Difference between revisions of "Running"

Revision as of 15:50, 16 January 2012

Getting started

If you are just getting started with the toolbox and you have no idea how everything works, this section should help you on your way.

The features and scope of the SUMO Toolbox are detailed on this page. To find out more about the SUMO Toolbox in general, check out the documentation on this page.

If you want to get hands-on with the SUMO Toolbox, we recommend using this guide. The guide explains the basic SUMO framework, how to install and provide some examples on running the toolbox.

Since the SUMO Toolbox is configured by editing XML files it might be a good idea to read FAQ#What is XML?, if you are not familiar with XML files.
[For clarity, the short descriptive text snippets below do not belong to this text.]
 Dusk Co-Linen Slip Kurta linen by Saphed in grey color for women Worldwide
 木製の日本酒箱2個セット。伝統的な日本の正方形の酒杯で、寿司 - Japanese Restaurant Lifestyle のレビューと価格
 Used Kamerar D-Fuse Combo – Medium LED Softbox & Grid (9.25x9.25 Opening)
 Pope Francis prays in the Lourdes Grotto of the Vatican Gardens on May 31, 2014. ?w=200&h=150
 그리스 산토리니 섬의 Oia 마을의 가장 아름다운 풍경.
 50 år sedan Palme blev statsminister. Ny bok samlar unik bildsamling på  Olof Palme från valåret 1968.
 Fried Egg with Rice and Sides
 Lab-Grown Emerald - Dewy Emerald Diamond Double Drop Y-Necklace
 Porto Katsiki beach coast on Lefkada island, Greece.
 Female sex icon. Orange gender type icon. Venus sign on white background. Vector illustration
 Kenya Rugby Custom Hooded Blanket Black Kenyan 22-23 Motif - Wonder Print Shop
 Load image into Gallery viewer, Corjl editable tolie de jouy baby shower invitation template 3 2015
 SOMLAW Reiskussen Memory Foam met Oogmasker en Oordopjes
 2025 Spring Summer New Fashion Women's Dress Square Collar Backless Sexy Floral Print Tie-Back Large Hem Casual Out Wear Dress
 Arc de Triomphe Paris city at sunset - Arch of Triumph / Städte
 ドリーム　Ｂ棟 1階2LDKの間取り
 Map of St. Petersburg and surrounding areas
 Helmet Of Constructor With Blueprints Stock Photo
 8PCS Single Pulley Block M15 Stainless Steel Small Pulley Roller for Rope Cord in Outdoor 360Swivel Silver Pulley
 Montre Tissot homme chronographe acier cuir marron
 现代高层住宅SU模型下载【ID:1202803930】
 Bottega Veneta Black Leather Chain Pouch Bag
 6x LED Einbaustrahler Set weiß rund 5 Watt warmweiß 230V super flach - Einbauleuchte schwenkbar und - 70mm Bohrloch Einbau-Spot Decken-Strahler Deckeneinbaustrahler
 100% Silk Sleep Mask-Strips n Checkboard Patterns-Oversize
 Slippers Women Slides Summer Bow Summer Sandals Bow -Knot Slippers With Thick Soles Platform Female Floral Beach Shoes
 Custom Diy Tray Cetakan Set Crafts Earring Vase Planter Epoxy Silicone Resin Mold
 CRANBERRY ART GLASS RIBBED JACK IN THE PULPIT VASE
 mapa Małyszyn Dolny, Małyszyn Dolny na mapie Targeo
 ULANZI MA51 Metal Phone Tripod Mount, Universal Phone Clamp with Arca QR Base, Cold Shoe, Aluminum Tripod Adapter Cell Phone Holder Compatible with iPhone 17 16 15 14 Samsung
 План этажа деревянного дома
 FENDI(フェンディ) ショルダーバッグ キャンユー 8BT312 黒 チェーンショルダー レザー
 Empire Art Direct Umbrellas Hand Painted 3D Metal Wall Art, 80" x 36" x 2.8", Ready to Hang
The installation information can also be found here and a more in-depth guide on running the SUMO Toolbox can be found here.

The SUMO Toolbox also comes with a set of demo's showing the different uses of the toolbox. You can find the configuration files for these demo's in the 'config/demo' directory.

Also be sure to check out the Frequently Asked Questions (FAQ) page as it might answer some of your questions.

Finally if you get stuck or have any problems feel free to let us know and will do our best to help you.

We are well aware that documentation is not always complete and possibly even out of date in some cases. We try to document everything as best we can but much is limited by available time and manpower. We are are a university research group after all. The most up to date documentation can always be found (if not here) in the default.xml configuration file and, of course, in the source files. If something is unclear please don't hesitate to ask.

In-depth Guide

Prerequisites

This section is about running a different example problem, if you want to model your own problem see Adding an example. Make sure you understand the difference between the simulator configuration file and the toolbox configuration file and understand how these configuration files are structured.

Running a different example

The examples/ directory contains many example simulators that you can use to test the toolbox with. These examples range from predefined functions, to datasets from various domains, to native simulation code. If you want to try one of the examples, open config/default.xml and edit the <Simulator> tag to suit your needs.

For example, originally default.xml contains:

<Simulator>Math/Academic/Academic2DTwice.xml</Simulator>

The toolbox will look in the examples directory for a project directory called Math/Academic and load the xml file name 'Academic2DTwice.xml'. If no xml file name is specified, the SUMO Toolbox will load the xml with the same name as directory. For example Math/Peaks is equivalent to Math/Peaks/Peaks.xml.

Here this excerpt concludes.